Data section:
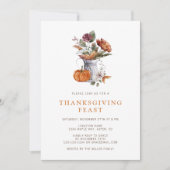 Floral Thanksgiving Kaart (Voorkant)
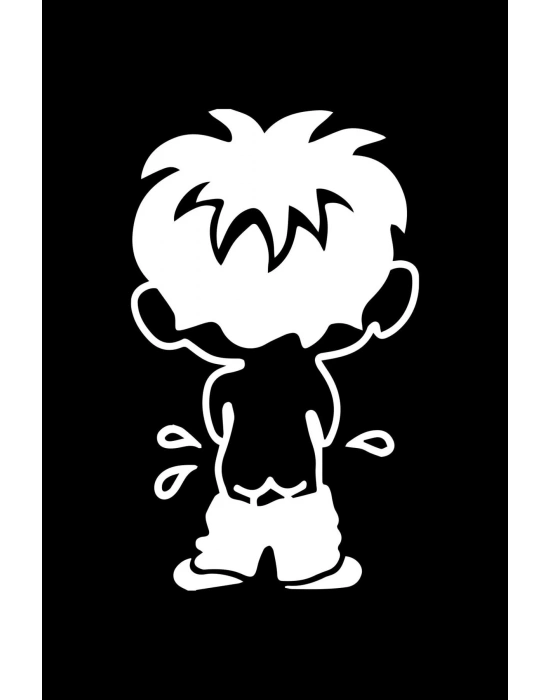 Çiş Yapan Çocuk Depo Kapağı Araba, Motorsiklet, Kask, Laptop, Cam Sticker 12x7 Cm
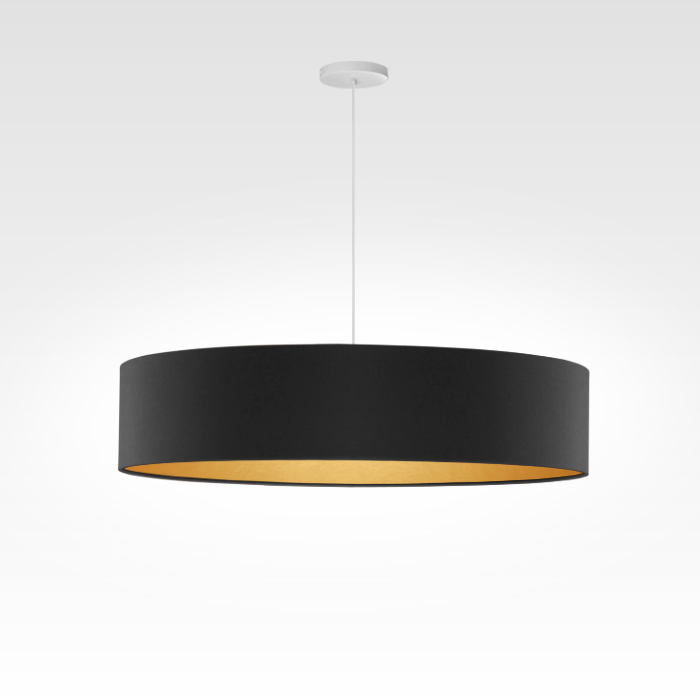 led pendant light inside gold - smart home control | Pendelleuchten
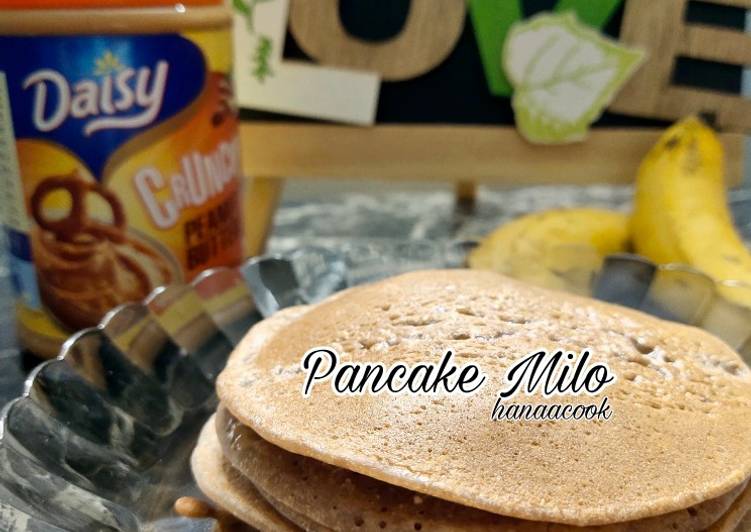 Pancake Milo Tanpa Susu - anekaresepienak.com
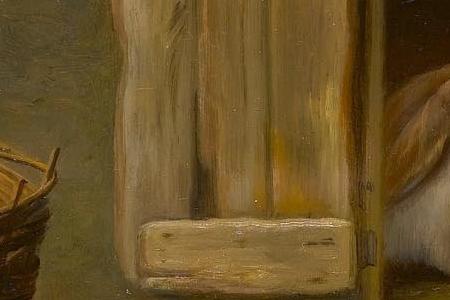 Фрагмент Chickens and pigeons in a farmyard Ducks and rabbits in a farmyard a pair both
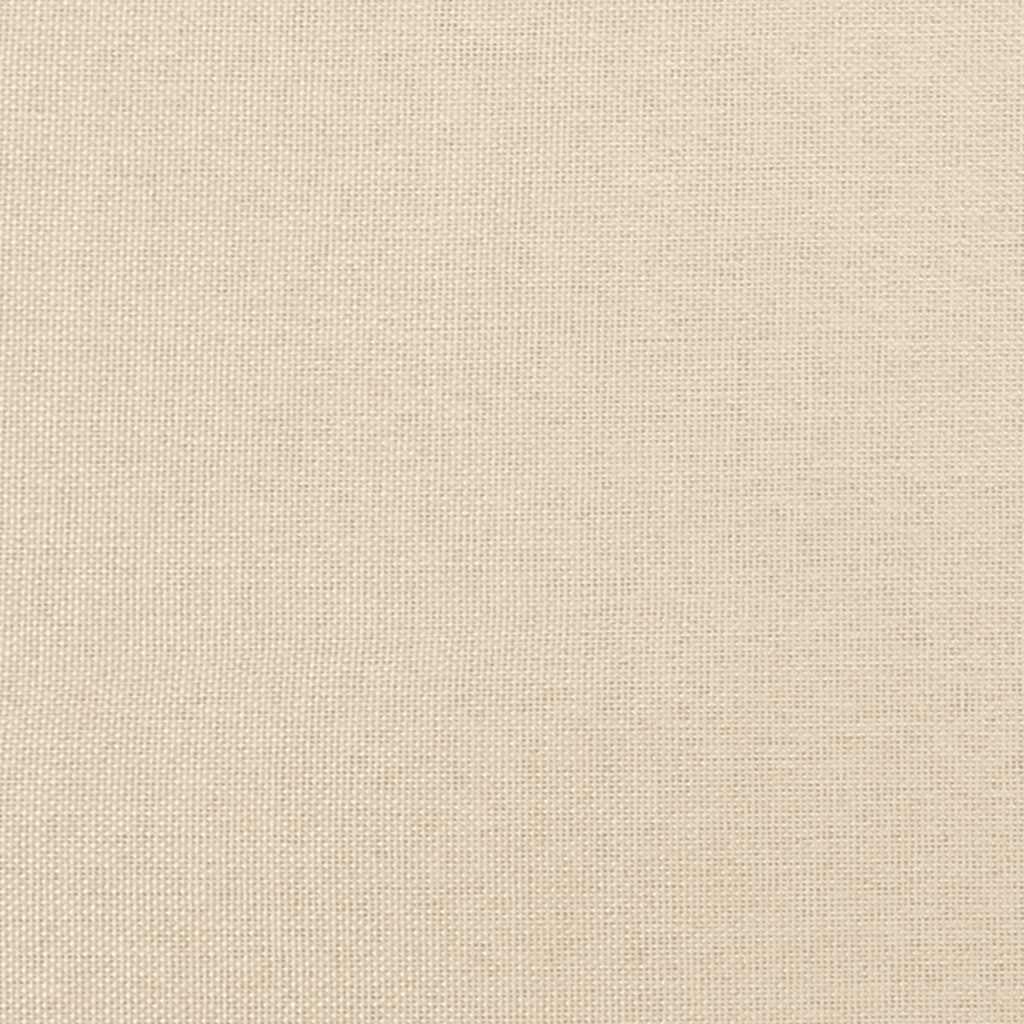 Box Spring Postel S Matrací Textil Krémová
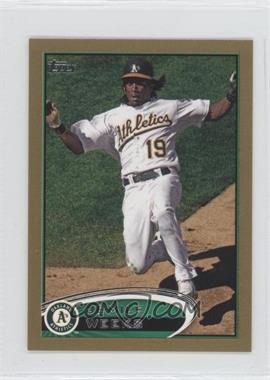 2012 Topps Mini - [Base] - Gold #640 - Jemile Weeks /61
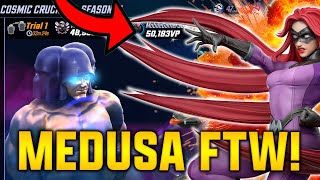 Medusa Is Clutch in CC - MARVEL Strike Force - MSF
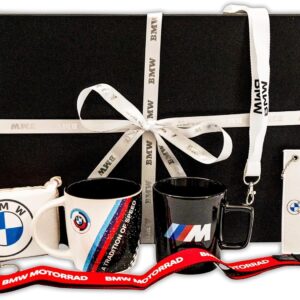 BMW Gift Set in Exclusive Gift Box 7-Piece M Cup Keyring Lanyard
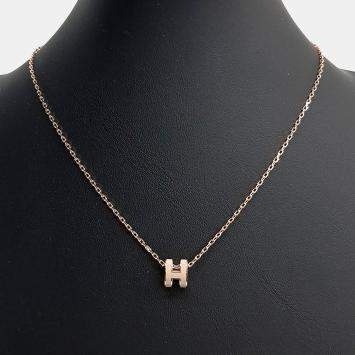 Pre Owned Hermès Pop H Mini Necklace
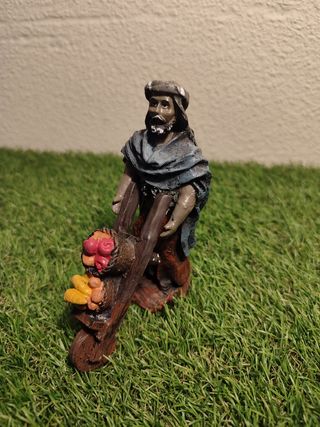 Figura Belén Atosa - Hombre con Carretilla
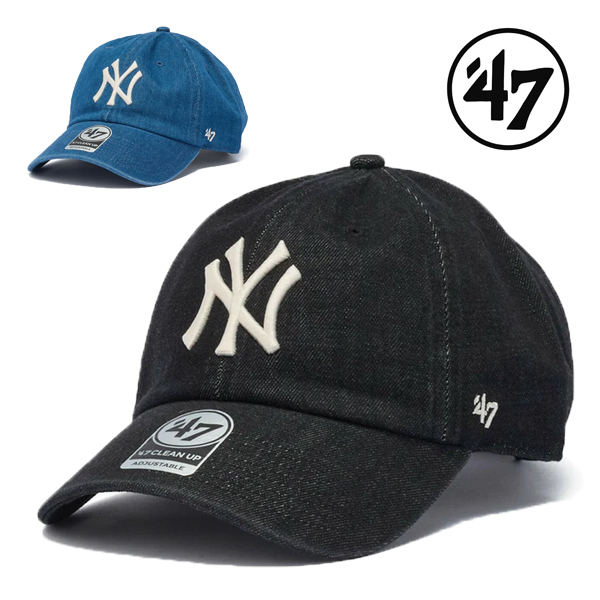 47 キャップ クリーンナップ ニューヨーク・ヤンキース デニムコレクション 黒 ブルー
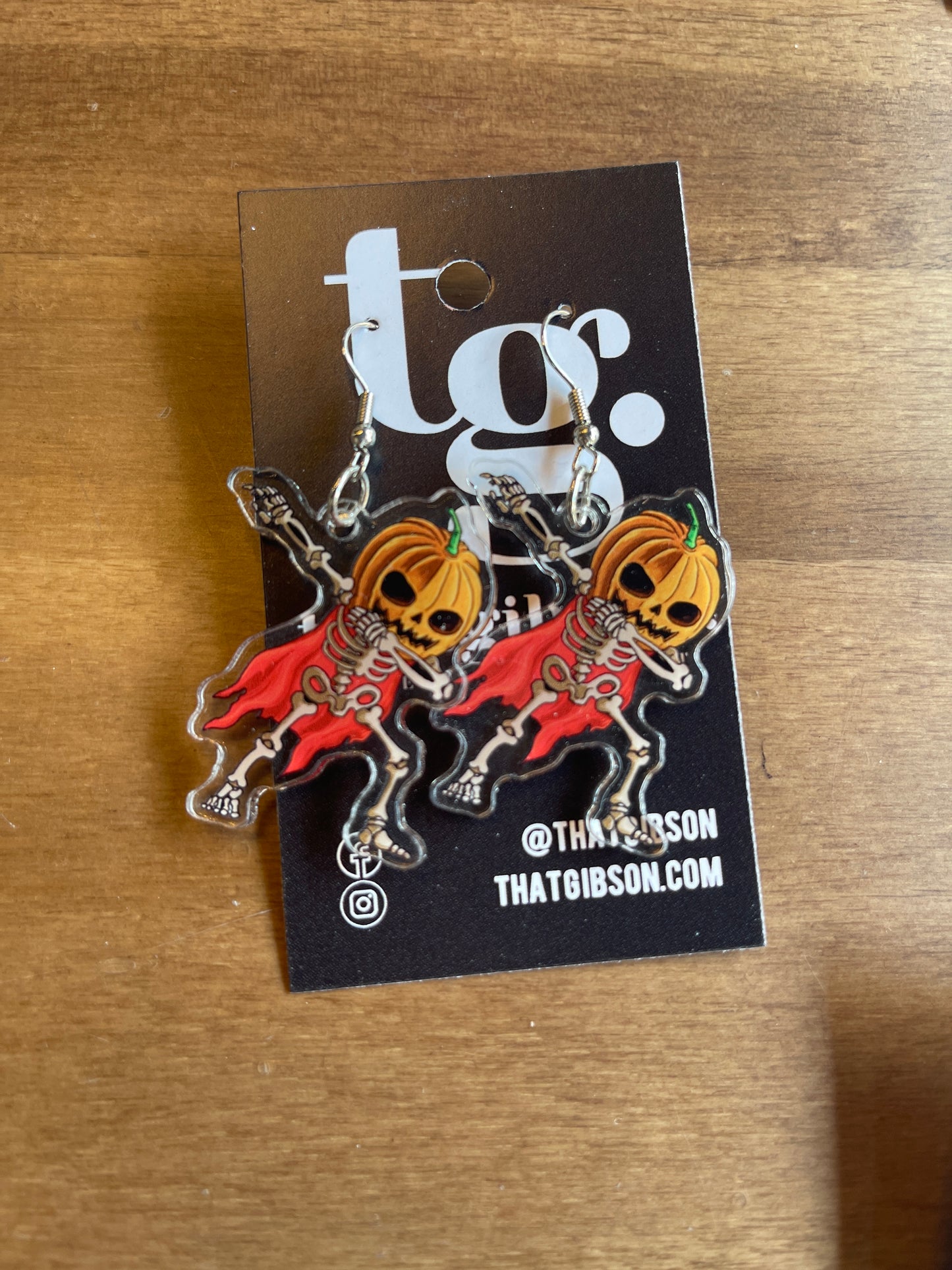 Dancing Skeleton Earrings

The problem: What the answer must hold: all the data above, given again exactly, without pictures.

Exercise result:
 Floral Thanksgiving Kaart (Voorkant)
 Çiş Yapan Çocuk Depo Kapağı Araba, Motorsiklet, Kask, Laptop, Cam Sticker 12x7 Cm
 led pendant light inside gold - smart home control | Pendelleuchten
 Pancake Milo Tanpa Susu - anekaresepienak.com
 Фрагмент Chickens and pigeons in a farmyard Ducks and rabbits in a farmyard a pair both
 Box Spring Postel S Matrací Textil Krémová
 2012 Topps Mini - [Base] - Gold #640 - Jemile Weeks /61
 Medusa Is Clutch in CC - MARVEL Strike Force - MSF
 BMW Gift Set in Exclusive Gift Box 7-Piece M Cup Keyring Lanyard
 Pre Owned Hermès Pop H Mini Necklace
 Figura Belén Atosa - Hombre con Carretilla
 47 キャップ クリーンナップ ニューヨーク・ヤンキース デニムコレクション 黒 ブルー
 Dancing Skeleton Earrings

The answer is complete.